Azure Advisor Qwen2.5-0.5B (SFT)
Fine-tuned Qwen/Qwen2.5-0.5B-Instruct to generate Azure Advisor-style recommendations using Supervised Fine-Tuning (SFT).
Model Description
This model has been trained to analyze Azure workload configurations and generate structured recommendations across 5 Azure Advisor categories:
- Cost - Cost optimization recommendations
- Security - Security posture improvements
- Performance - Performance optimization suggestions
- OperationalExcellence - Operational best practices
- HighAvailability - Reliability and availability improvements
Training Details
| Parameter | Value |
|---|---|
| Base Model | Qwen/Qwen2.5-0.5B-Instruct |
| Method | SFT with LoRA adapters |
| Dataset | thegovind/azure-advisor-sft (348 train, 41 eval) |
| Training Steps | 200 |
| Learning Rate | 2e-4 (cosine schedule) |
| LoRA Rank / Alpha | 16 / 32 |
| Quantization | 4-bit QLoRA (NF4) |
| Hardware | NVIDIA RTX 3090 (24GB) |
| Training Time | ~5 minutes |
Training Metrics
| Metric | Value |
|---|---|
| Pre-SFT Baseline | 0.80/10 |
| Post-SFT Score | 3.72/10 |
| Improvement | +2.92 |
| Final Training Loss | 0.029 |
| Final Eval Loss | 0.035 |
Loss Trajectory
1.76 -> 1.06 -> 0.47 -> 0.24 -> 0.13 -> 0.064 -> 0.050 -> 0.044 -> 0.038 -> 0.034 -> 0.029
Evaluation (5 Reward Functions, max 10.0)

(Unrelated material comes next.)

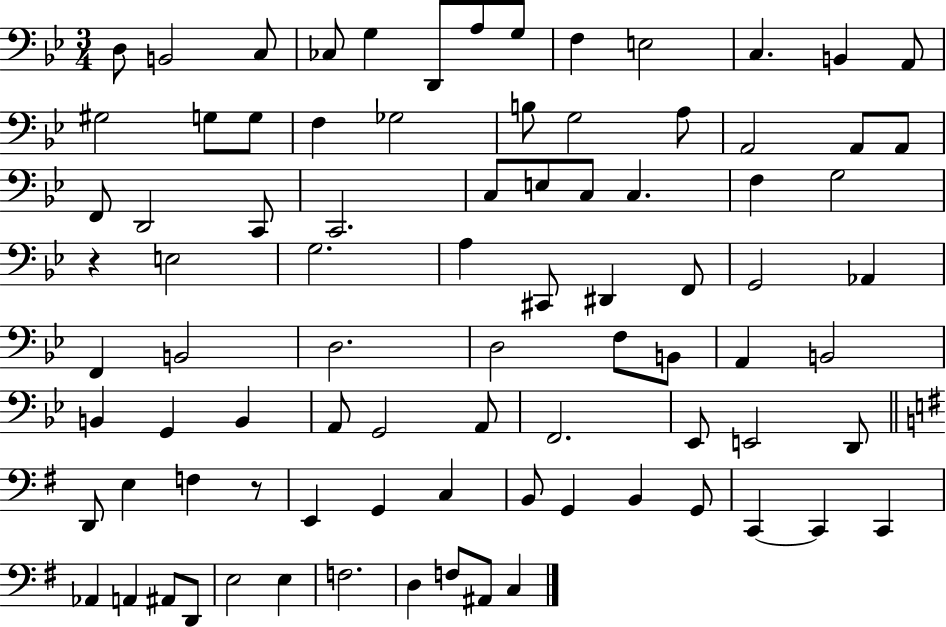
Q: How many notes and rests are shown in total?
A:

| Function | Weight | Description |
|---|---|---|
| Format Compliance | 1.5 | Correct XML tags and JSON structure |
| Category Correctness | 2.0 | Valid Advisor categories |
| Grounding Quality | 2.0 | Claims supported by input evidence |
| Actionability | 2.0 | Concrete, feasible next steps |
| Completeness | 2.5 | Coverage of issues with proper schema |
Output Format
The model generates structured output with:
<ANALYSIS>- Reasoning about the workload state<RECOMMENDATIONS>- JSON array of recommendation objects<SUMMARY>- Brief summary of key recommendations
Each recommendation includes: category, impact, resourceId, problem, solution, potentialBenefits, evidence, nextSteps, confidence.
Usage
from peft import PeftModel
from transformers import AutoModelForCausalLM, AutoTokenizer
import torch
base_model = AutoModelForCausalLM.from_pretrained(
"Qwen/Qwen2.5-0.5B-Instruct",
torch_dtype=torch.float16,
device_map="auto"
)
model = PeftModel.from_pretrained(base_model, "thegovind/azure-advisor-qwen25-0.5b")
tokenizer = AutoTokenizer.from_pretrained("thegovind/azure-advisor-qwen25-0.5b")
messages = [
{"role": "system", "content": "You are an Azure Advisor assistant..."},
{"role": "user", "content": "Analyze this Azure workload and provide recommendations..."}
]
prompt = tokenizer.apply_chat_template(messages, tokenize=False, add_generation_prompt=True)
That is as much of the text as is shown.